National Report on Support for Disabled Parents
A new report has been published concerning how local services are doing in supporting disabled parents and their families. This report was published in February, detailing the results from a survey that was made up of 70 interviews, covering 50 councils. According to the report, there is not a consistent level of support from local councils for disabled parents and their families.
We at the Parents' Forum believe that the best way to help improve services for all families is to speak to parents and take their views into consideration. We feel that this report is a good view of what disabled parents and their families go through on a day to day basis.
We have asked our own Wheeliemumma to give a summary of the document and her own views on its findings. So, keep reading to see what she thought.
Summary of supporting disabled parents or a fragmented approach? by Wheeliemumma
This report states we are a diverse group of people, including those parents with physical and sensory impairment/learning disability/mental health needs. Drug and alcohol related problems, long-term medical conditions such as living with HIV and parents who identify as part of the deaf community.
Some parents with additional support requirements relating to impairment may not identify as ‘disabled parents' others may resist being described as such as they fear it may lead to inappropriate interventions in their lives.
It was estimated that 1.1 million households had dependent children that have at least one disabled parent.
It stated that the Commission for Social Care Inspection seeks to examine the experiences of disabled parents and their families.
Local strategies and policies showed that only 17 councils in the survey had collected any information about disabled parents and their families living in their area. 17 out of 50 councils involved, that's 34% surveyed, so few are planning and commissioning services on a basis of knowledge!
Only 12% of councils in the survey reported that they took a whole family focus!
It also states that not equating ‘disabled parent' with ‘child in need' - ‘thinking parent and recognizing that disabled parents can face barriers in accessing services and support ( including mainstream services) are key to the development of good practice.
The disability discrimination act 2005 places a general duty on all public sector authorities to promote disability equality! And that "Children's needs are usually best met by supporting their parents to look after them". "Disabled parents are entitled to the same access to services as all parents, including parenting support and information services"
Although councils noted a lack of an organized lobby specifically for disabled parents due to, what they call, a difficulty in finding "Representatives who will give a voice to the needs of this service user group" (senior manager children's services).
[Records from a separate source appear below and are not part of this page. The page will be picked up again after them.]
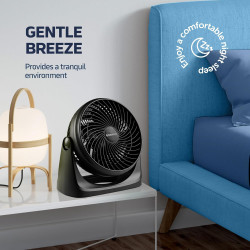 Ventilador turbo portátil de circulación de aire de 7 pulgadas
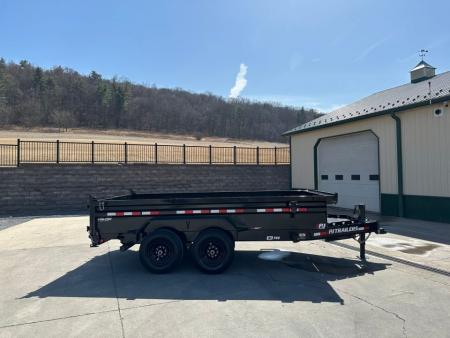 New PJ Trailers 14' Low-Pro Dump - 24" Sides (DL)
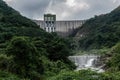 The reservoir in the deep mountain began to discharge the flood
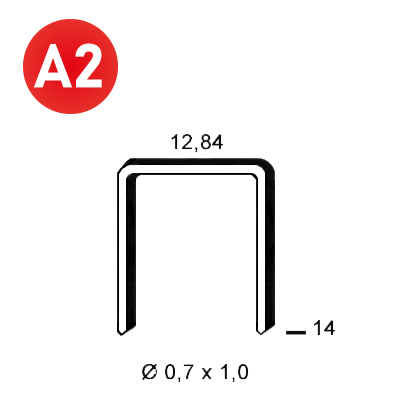 Klammer A-14 INOX A2 (304)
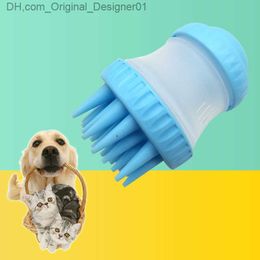 2 pieces/batch of multi-functional pet dog baths/massage brushes polysilicate cleaning and beauty tools body accessories HA137 Z230814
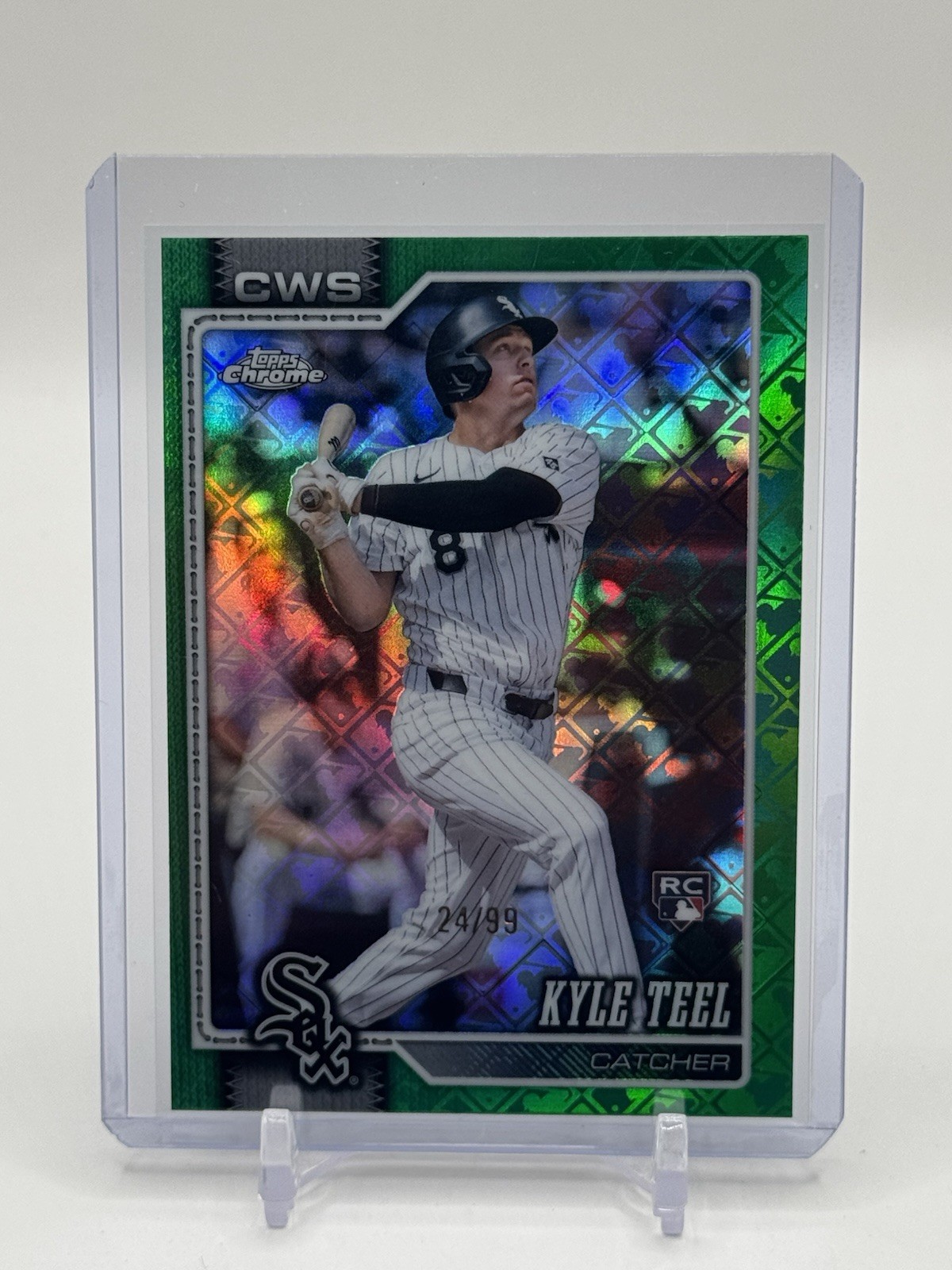 2026 Topps Chrome Kyle Teel /99 RC Green LOGOFRACTOR Chicago White Sox #63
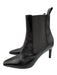 Brunello Cucinelli Shoe Size 38 Black & Silver Leather Stretch Panel Booties Black & Silver / 38
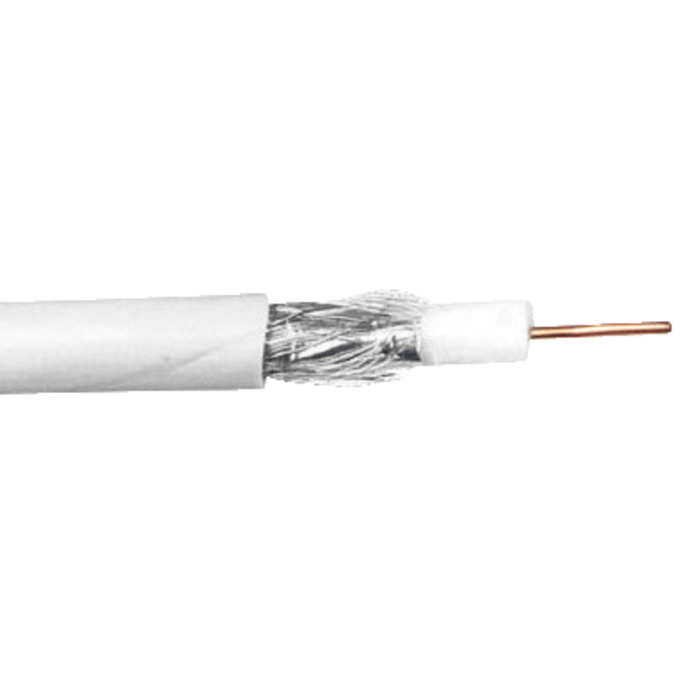 Antennkabel Standard 7 mm Vit 25 m Elworks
Where it did exist there were concerns about dangers of always consulting the same people and therefore not reflecting the diverse population of disabled parents. It was felt that response to families was often crisis driven and short-term. The current difficulties experienced by disabled parents and their families indicate there is still much more to be done at policy, operational and practice levels.
The target audience for this document were; directors of adult services, chief executives, councilors of local councils with adults social services responsibilities in England, social care stakeholders, care providers, national policy leads and academics.
Fragmented, I'd say!
I am deeply upset that my own thoughts on this subject have been proved totally correct in a legal document by a commissioning service.
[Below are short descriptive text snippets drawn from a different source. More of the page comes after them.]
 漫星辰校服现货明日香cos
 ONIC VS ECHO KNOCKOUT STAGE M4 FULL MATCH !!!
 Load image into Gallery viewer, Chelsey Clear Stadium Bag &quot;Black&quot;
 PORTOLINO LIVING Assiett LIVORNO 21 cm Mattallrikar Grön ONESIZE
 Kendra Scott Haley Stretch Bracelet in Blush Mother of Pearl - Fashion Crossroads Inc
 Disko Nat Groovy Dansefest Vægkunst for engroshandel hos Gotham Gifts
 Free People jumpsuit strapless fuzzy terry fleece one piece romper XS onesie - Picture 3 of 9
It is positive in the fact that the truth of the services provided have been bought to the attention of public members and those that can make a difference to so many , within their local areas.
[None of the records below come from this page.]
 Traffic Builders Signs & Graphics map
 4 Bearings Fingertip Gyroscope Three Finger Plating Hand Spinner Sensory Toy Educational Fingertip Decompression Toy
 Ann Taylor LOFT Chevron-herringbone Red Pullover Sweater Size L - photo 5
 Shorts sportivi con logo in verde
The sadness is, how long will this go on?
When will someone take on the responsibilities needed?
To the commissioners and people who can structure a whole new way that disabled parents are catered for,
"Come on, listen to the people who really know. People like me, who live the life."
All parents should be treated the same and entitled to the same things, despite health issues. Our children deserve to be looked after, just as all the others are and so do we!
We should be a targeted audience. Is it not easier to see the truth and nothing but the whole truth closer to home, among those who experience life as a disabled parent??